> Exercise directions:
Your output should be the lines below from the one with "Glitter Heart Rectangle Arch Earrings" through the one with "A Cold One for the Old One Beer", copied exactly, pictures excluded.

> Provided data:

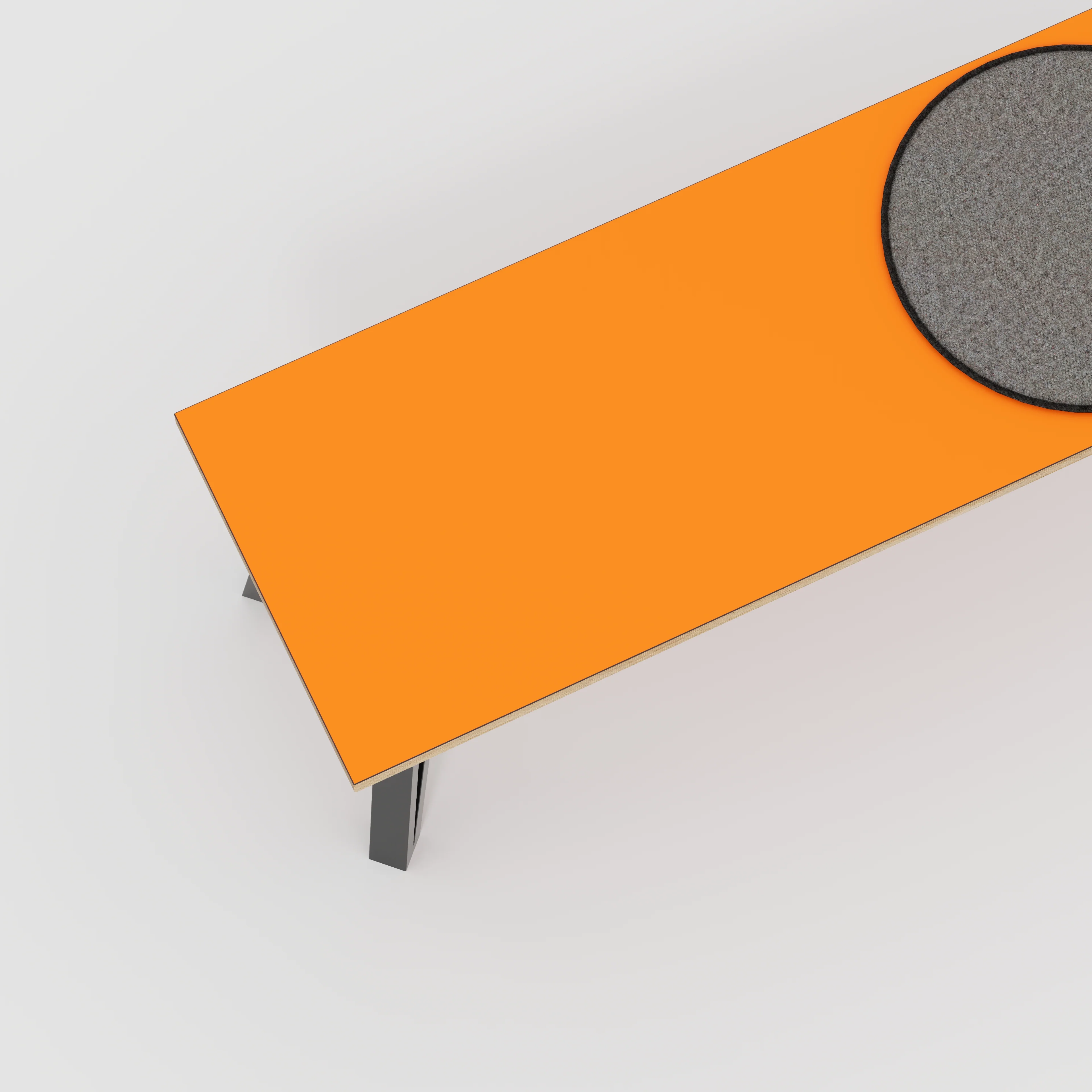 Plywood Bench Seat with Black Box Hairpin Legs - Formica Levante Orange - 1200(w) x 400(d) x 450(h) - Image 3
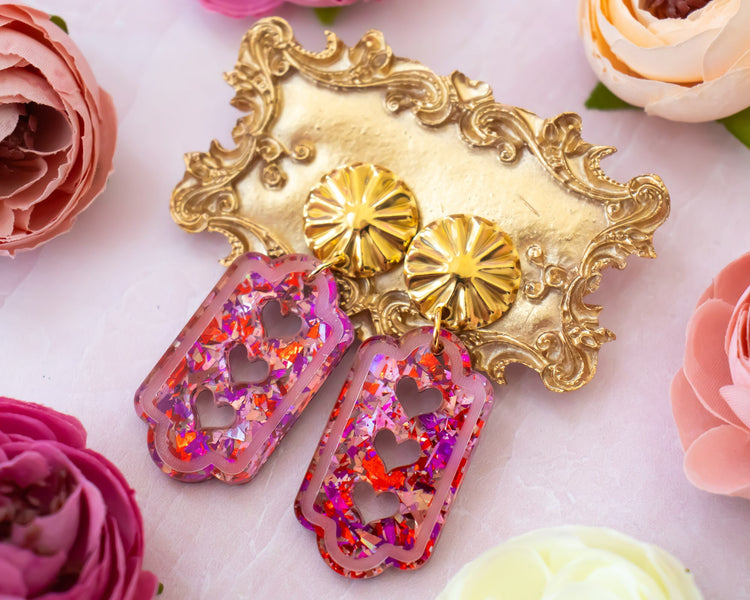 Glitter Heart Rectangle Arch Earrings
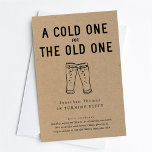 A Cold One for the Old One Beer Birthday Party Invitation<br><div class="desc">A Cold One for the Old One.  Funny invitation wording for a fun birthday party.  The beer toast artwork is hand-drawn on a wonderfully rustic kraft background.

Coordinating RSVP,  Details,  Registry,  Thank You cards and other items are available in the 'Rustic Brewery Line Art' Collection within my store.</div>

> Answer section:
 Glitter Heart Rectangle Arch Earrings
 A Cold One for the Old One Beer Birthday Party Invitation<br><div class="desc">A Cold One for the Old One.  Funny invitation wording for a fun birthday party.  The beer toast artwork is hand-drawn on a wonderfully rustic kraft background.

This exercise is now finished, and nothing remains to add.